■ **Records drawn from a dataset**:
%%

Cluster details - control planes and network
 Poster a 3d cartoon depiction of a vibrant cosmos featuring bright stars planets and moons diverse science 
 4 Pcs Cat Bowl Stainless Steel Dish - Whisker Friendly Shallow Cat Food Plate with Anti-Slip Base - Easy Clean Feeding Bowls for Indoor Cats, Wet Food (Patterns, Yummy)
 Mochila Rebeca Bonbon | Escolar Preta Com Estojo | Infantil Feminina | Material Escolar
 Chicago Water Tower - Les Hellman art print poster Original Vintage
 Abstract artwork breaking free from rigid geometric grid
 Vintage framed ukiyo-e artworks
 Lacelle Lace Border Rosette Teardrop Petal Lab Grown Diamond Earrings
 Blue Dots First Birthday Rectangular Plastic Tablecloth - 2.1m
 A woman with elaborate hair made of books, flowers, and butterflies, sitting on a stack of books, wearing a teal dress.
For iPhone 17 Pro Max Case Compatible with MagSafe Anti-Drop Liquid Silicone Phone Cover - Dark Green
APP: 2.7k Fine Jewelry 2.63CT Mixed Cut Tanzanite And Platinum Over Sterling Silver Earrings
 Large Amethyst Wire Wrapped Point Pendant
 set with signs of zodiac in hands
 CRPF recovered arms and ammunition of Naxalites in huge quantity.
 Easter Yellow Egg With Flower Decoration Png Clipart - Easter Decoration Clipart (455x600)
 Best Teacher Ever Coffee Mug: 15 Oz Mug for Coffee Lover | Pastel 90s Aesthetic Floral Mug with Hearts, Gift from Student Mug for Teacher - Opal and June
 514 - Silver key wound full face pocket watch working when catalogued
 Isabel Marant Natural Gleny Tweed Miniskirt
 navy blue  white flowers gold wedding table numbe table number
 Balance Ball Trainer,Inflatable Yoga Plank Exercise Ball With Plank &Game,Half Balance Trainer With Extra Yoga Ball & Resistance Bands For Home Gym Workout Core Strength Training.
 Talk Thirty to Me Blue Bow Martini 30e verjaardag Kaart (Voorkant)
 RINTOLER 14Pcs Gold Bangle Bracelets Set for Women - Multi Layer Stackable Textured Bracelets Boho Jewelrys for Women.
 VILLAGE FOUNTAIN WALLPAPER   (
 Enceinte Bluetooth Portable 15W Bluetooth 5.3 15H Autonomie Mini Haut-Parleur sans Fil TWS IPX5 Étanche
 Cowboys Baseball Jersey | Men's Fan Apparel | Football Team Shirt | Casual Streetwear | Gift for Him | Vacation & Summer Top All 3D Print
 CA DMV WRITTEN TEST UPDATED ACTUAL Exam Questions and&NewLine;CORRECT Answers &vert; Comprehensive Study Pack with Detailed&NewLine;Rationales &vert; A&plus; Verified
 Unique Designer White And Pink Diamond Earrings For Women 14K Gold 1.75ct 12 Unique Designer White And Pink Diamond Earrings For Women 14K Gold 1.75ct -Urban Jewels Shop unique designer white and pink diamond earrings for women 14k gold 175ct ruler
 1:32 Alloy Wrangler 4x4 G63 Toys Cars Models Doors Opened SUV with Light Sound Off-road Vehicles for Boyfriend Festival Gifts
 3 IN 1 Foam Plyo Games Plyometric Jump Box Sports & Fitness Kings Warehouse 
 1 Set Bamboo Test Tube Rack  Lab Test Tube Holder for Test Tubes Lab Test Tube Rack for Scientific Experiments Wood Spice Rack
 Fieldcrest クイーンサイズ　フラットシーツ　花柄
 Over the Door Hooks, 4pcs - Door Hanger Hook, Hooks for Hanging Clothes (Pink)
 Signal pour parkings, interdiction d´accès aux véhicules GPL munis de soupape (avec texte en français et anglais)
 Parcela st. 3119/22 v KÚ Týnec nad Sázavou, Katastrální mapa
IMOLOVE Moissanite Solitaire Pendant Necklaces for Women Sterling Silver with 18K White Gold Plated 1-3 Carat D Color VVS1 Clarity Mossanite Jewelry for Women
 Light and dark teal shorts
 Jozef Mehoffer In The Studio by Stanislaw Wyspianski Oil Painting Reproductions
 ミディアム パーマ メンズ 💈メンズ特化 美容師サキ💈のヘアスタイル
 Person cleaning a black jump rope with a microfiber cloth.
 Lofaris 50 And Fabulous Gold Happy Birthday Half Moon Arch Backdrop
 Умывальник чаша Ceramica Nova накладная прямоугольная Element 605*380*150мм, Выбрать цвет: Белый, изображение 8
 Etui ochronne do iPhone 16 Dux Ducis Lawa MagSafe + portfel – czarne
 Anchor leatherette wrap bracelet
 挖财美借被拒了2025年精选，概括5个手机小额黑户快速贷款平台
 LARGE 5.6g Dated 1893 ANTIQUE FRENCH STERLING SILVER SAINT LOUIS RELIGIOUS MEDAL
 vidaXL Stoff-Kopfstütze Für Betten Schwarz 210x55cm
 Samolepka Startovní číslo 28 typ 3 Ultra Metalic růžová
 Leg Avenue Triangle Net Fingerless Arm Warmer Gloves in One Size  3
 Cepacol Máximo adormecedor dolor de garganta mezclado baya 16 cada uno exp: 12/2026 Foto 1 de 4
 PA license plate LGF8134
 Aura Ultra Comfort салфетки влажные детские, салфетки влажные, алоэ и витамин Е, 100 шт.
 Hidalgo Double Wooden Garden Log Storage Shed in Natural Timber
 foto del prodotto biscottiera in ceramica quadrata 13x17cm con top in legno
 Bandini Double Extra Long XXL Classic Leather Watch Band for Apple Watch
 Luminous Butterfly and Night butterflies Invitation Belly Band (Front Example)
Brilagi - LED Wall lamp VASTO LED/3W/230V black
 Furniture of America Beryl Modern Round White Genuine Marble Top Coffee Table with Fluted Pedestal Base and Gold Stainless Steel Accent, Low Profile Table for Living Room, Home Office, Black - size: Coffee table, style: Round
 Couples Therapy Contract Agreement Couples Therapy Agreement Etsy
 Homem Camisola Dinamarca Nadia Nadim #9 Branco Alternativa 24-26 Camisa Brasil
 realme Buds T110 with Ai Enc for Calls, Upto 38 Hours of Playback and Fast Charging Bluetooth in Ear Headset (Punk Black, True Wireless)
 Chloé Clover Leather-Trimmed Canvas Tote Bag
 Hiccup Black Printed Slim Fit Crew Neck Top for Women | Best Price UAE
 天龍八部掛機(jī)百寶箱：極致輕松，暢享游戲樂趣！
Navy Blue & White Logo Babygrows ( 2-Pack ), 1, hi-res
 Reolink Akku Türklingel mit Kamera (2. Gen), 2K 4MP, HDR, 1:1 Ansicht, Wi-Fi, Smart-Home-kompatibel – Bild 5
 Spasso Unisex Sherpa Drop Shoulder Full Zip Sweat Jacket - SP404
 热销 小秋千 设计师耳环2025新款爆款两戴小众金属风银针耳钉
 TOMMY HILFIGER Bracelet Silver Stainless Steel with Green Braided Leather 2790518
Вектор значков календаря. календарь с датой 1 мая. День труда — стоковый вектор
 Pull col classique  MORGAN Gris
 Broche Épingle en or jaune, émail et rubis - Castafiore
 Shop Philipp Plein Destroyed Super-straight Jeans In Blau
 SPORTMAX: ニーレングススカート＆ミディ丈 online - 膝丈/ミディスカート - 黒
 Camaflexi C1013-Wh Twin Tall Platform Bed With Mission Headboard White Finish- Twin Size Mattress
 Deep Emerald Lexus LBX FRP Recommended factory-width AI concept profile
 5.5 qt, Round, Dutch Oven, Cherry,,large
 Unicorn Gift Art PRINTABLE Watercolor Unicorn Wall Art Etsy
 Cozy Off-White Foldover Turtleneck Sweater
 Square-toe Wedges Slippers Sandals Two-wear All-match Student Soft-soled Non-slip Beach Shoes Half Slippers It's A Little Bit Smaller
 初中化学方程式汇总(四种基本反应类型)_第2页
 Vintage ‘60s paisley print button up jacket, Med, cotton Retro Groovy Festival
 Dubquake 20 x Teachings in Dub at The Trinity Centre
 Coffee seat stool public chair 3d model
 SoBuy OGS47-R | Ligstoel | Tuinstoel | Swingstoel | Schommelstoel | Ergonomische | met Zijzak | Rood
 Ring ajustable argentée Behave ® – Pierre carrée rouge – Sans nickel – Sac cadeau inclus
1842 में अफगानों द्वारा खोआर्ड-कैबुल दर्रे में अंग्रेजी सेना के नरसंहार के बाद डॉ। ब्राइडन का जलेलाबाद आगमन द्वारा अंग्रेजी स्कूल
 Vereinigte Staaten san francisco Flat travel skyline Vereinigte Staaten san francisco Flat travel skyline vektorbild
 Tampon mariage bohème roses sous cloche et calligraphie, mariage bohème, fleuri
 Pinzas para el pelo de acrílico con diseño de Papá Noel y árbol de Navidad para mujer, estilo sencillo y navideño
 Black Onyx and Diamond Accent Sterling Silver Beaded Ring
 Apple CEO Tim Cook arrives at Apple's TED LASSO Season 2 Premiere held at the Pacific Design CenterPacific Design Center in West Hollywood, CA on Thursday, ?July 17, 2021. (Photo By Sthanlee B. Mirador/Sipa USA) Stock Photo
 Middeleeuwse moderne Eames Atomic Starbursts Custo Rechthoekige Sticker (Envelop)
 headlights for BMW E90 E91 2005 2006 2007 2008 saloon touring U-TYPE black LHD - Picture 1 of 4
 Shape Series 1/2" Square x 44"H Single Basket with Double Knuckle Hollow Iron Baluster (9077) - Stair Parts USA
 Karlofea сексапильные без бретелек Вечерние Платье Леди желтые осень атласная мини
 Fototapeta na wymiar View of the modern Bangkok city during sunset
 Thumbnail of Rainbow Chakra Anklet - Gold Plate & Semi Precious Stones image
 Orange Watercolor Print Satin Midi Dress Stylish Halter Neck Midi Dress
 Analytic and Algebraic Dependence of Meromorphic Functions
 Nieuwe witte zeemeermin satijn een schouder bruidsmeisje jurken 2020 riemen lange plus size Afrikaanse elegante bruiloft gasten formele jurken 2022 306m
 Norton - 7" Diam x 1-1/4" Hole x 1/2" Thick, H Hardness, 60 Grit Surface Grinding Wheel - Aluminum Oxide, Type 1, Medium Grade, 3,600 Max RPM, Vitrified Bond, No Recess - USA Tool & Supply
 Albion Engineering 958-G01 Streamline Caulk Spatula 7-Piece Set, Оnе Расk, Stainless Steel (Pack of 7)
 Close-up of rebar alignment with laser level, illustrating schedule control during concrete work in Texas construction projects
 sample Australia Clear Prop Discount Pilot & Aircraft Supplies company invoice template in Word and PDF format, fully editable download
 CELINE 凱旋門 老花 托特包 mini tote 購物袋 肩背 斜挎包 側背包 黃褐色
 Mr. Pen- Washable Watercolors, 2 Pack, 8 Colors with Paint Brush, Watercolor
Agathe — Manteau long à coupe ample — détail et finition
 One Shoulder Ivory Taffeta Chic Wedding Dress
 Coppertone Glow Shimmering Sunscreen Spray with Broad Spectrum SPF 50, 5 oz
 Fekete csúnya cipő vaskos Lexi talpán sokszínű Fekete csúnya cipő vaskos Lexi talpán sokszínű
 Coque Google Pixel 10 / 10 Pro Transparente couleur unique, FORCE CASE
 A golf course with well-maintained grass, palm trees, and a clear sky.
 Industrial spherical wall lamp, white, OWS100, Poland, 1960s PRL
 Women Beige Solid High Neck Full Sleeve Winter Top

%%

■ **WORK TO COMPLETE**: What is needed is an exact copy of the entries from their first line down to the line with "VILLAGE FOUNTAIN WALLPAPER", that line included, and nothing beyond it.

■ **COMPLETED EXERCISE**:
Cluster details - control planes and network
 Poster a 3d cartoon depiction of a vibrant cosmos featuring bright stars planets and moons diverse science 
 4 Pcs Cat Bowl Stainless Steel Dish - Whisker Friendly Shallow Cat Food Plate with Anti-Slip Base - Easy Clean Feeding Bowls for Indoor Cats, Wet Food (Patterns, Yummy)
 Mochila Rebeca Bonbon | Escolar Preta Com Estojo | Infantil Feminina | Material Escolar
 Chicago Water Tower - Les Hellman art print poster Original Vintage
 Abstract artwork breaking free from rigid geometric grid
 Vintage framed ukiyo-e artworks
 Lacelle Lace Border Rosette Teardrop Petal Lab Grown Diamond Earrings
 Blue Dots First Birthday Rectangular Plastic Tablecloth - 2.1m
 A woman with elaborate hair made of books, flowers, and butterflies, sitting on a stack of books, wearing a teal dress.
For iPhone 17 Pro Max Case Compatible with MagSafe Anti-Drop Liquid Silicone Phone Cover - Dark Green
APP: 2.7k Fine Jewelry 2.63CT Mixed Cut Tanzanite And Platinum Over Sterling Silver Earrings
 Large Amethyst Wire Wrapped Point Pendant
 set with signs of zodiac in hands
 CRPF recovered arms and ammunition of Naxalites in huge quantity.
 Easter Yellow Egg With Flower Decoration Png Clipart - Easter Decoration Clipart (455x600)
 Best Teacher Ever Coffee Mug: 15 Oz Mug for Coffee Lover | Pastel 90s Aesthetic Floral Mug with Hearts, Gift from Student Mug for Teacher - Opal and June
 514 - Silver key wound full face pocket watch working when catalogued
 Isabel Marant Natural Gleny Tweed Miniskirt
 navy blue  white flowers gold wedding table numbe table number
 Balance Ball Trainer,Inflatable Yoga Plank Exercise Ball With Plank &Game,Half Balance Trainer With Extra Yoga Ball & Resistance Bands For Home Gym Workout Core Strength Training.
 Talk Thirty to Me Blue Bow Martini 30e verjaardag Kaart (Voorkant)
 RINTOLER 14Pcs Gold Bangle Bracelets Set for Women - Multi Layer Stackable Textured Bracelets Boho Jewelrys for Women.
 VILLAGE FOUNTAIN WALLPAPER   (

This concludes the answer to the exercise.